Several techniques for computing the gradient of the cost function are available, including finite difference approximations or direct differentiation, which involves the numerical solution of sensitivity equations.
In the above-mentioned techniques, the computational expense required to estimate the current gradient direction is directly proportional to the number of unknown model parameters, which becomes an issue for models involving a large number of parameters. This is typically the case in neural network (NN) modelling, but can also occur in other circumstances, such as the estimation of parameters and initial conditions in first-principles models. Moreover, the derivation of sensitivity equations requires analytic manipulation of the model equation, which is time consuming and prone to errors (note that an important stream of current research and development is dedicated to the automatic generation of such equations using symbolic manipulation).
In contrast to standard finite differences which approximate the gradient by varying all the parameters one at a time, the simultaneous perturbation (SP) approximation of the gradient proposed by Spall Citation1 makes use of a very efficient technique based on a simultaneous (random) perturbation in all the parameters. Hence, one gradient evaluation requires only two evaluations of the cost function. This approach has first been applied to gradient estimation in a first-order stochastic approximation (SA) algorithm Citation1, and more recently to Hessian estimation in an accelerated second-order SPSA algorithm Citation2.
Efficiency, simplicity of implementation and very modest computational costs make first-order SPSA (1SPSA) particularly attractive, even though it suffers from the classical drawback of first-order algorithms, i.e. a slowing down in the convergence as an optimum is approached. Unfortunately, this phenomenon is even more pronounced in the case of SP techniques since the gradient information is more delicate to ‘extract’ from the – usually rather ‘flat’ – neighbourhood of the optimum.

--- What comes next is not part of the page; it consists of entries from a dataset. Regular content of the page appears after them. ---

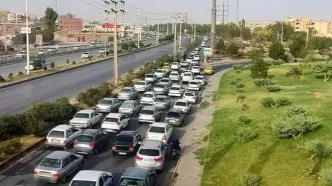 آخرین وضعیت محورهای شمالی کشور | ۹ خرداد ۱۴۰۵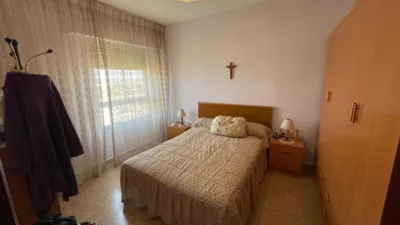 Piso – Albacete, Franciscanos - Vista 3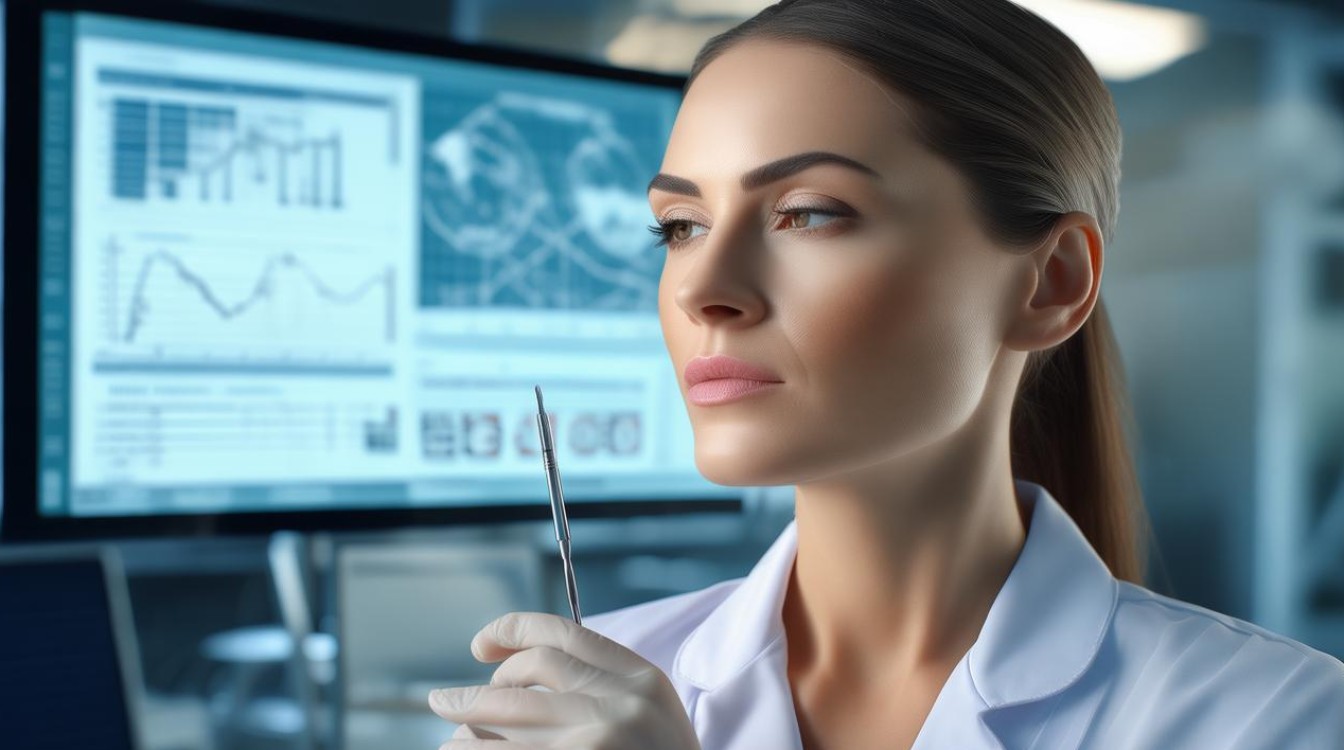 皮肤保养针真的有效吗？科学解析与最新数据揭秘-图1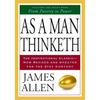 As a Man Thinketh - Paperback
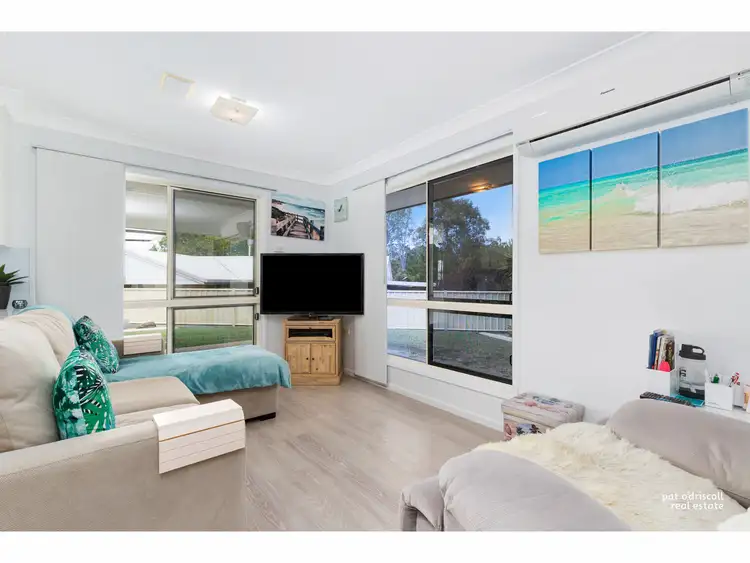 Fourth view of Homely house listing, 14 Banksia Place, Kawana QLD 4701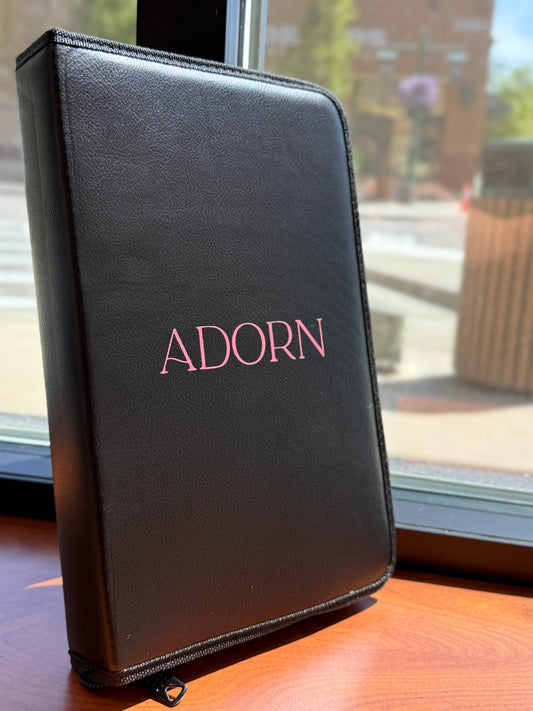 Adorn: Start-Up Kit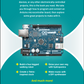 Get Started With Arduino book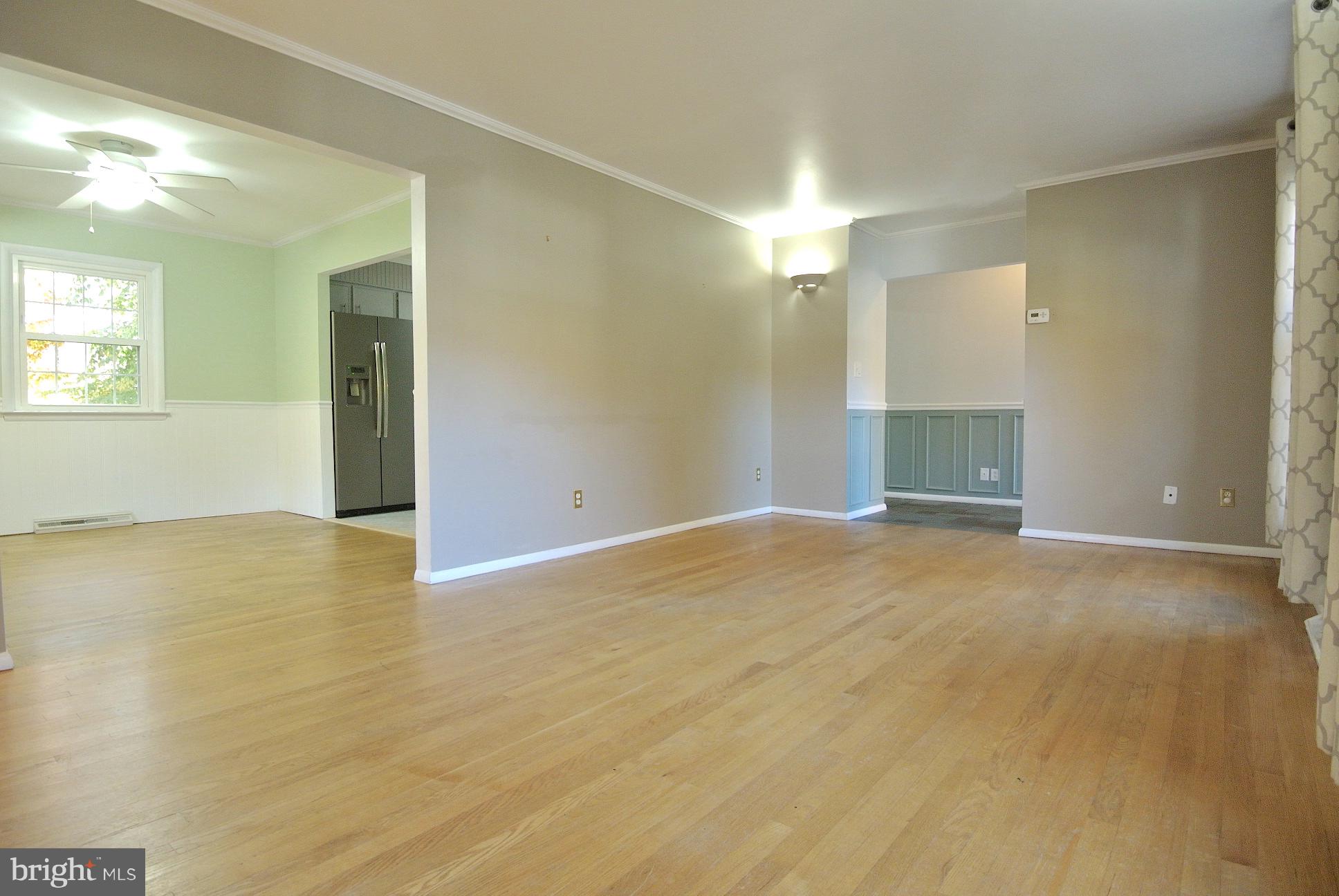 WORTHINGTON HEIGHTS - Residential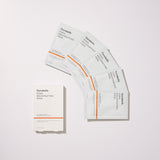 PDRN Rejuvenating Mask (1pc or 5pcs)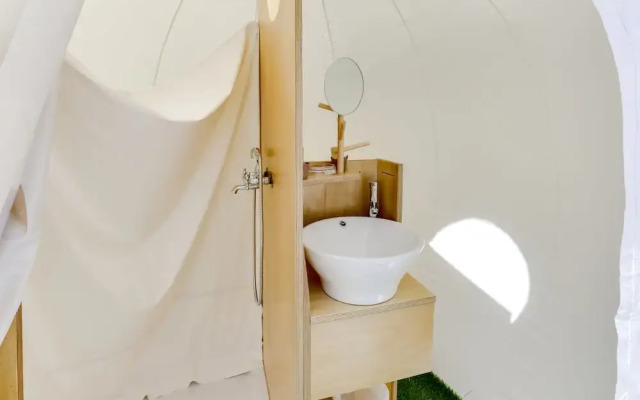 La Petite Ferme des Vitoz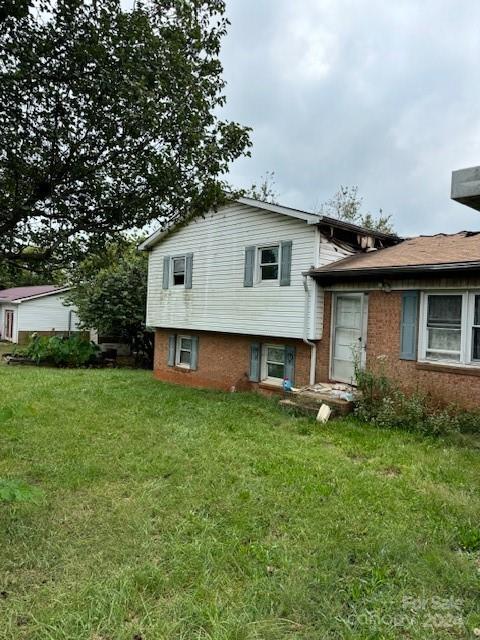 1247 Fieldcrest Drive Hickory NC 28602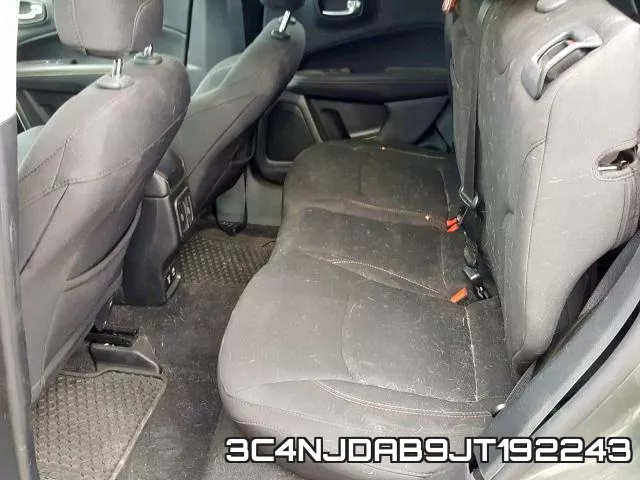 3C4NJDAB9JT192243 фото 7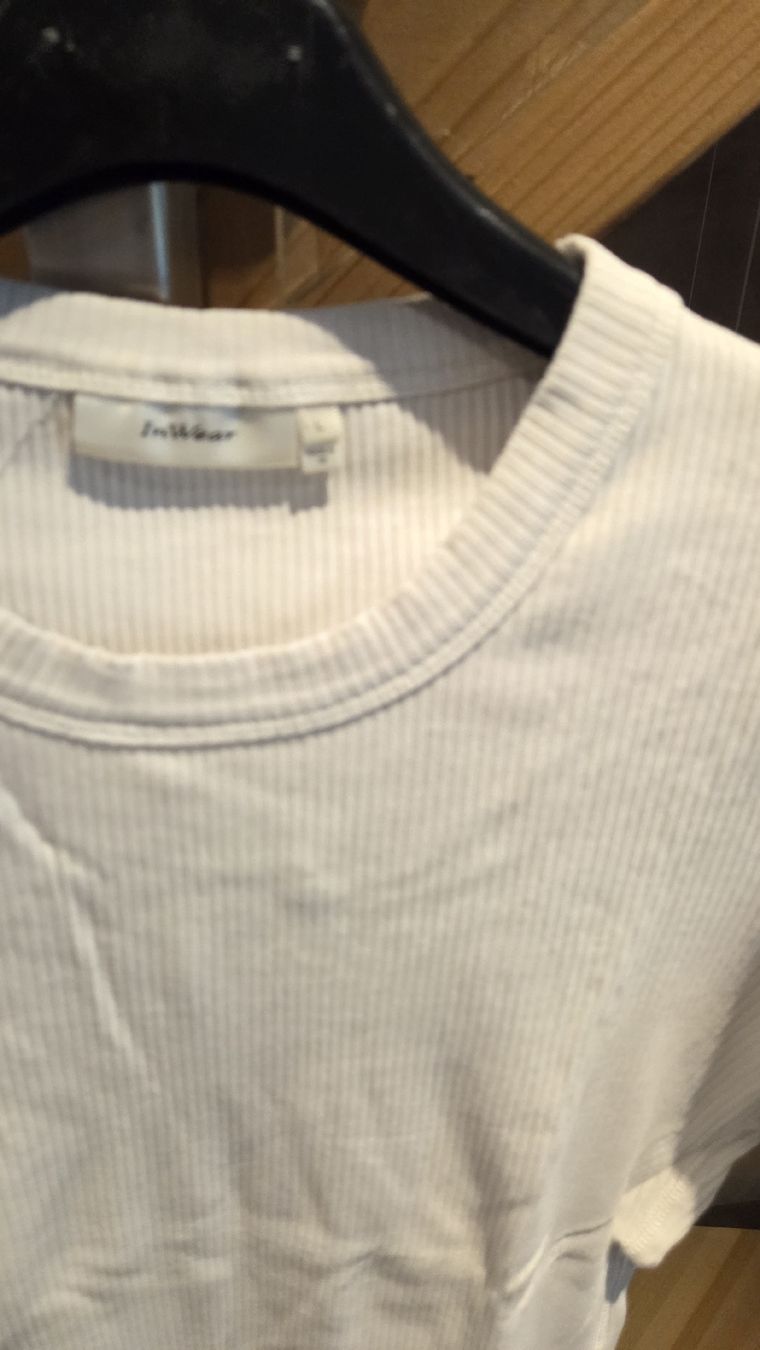 T-Shirts: InWear Shirt – Neu (gemäss Beschreibung) aus Winterthur von sandi99 2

In this study, a variant of the original first-order algorithm is considered which makes use of adaptive gain sequences, gradient smoothing and a step rejection procedure, to enhance convergence and stability. To demonstrate the algorithm efficiency and versatility, attention is focused on the estimation of kinetic parameters (and initial conditions) in a macroscopic model of animal cell cultures. To this end, a maximum-likelihood cost function based on the experimental measurements of biomass, glucose, glutamine and lactate concentrations is minimized.
This paper is organized as follows. Section 2 introduces the basic principle of the first-order SPSA algorithm used throughout this study. In section 3, the algorithm is applied to the maximum-likelihood estimation of kinetic parameters and initial conditions of a bioprocess model from experimental measurements of several macroscopic component concentrations. Direct and cross-validation results demonstrate the good model agreement. Finally, section 4 is devoted to some concluding remarks.
2 A brief overview of SPSA
Consider the problem of minimizing a, possibly noisy, objective function J(θ) with respect to a vector θ of unknown parameters.
1SPSA is given by the following core recursion for the parameter vector θCitation1
In its original formulation Citation1, 1SPSA makes use of decaying gain sequences {ak } and {ck } in the form
In order to enhance convergence and stability, the use of an adaptive gain sequence for parameter updating is considered, i.e.
In addition to gain attenuation when the value of the criterion becomes worse, ‘blocking’ mechanisms Citation2 are also applied, i.e. the current step is rejected and, starting from the previous parameter estimate, a new step is accomplished (with a new gradient evaluation and a reduced updating gain). The parameter β in (4) represents the permissible increase in the criterion, before step rejection and gain attenuation occur.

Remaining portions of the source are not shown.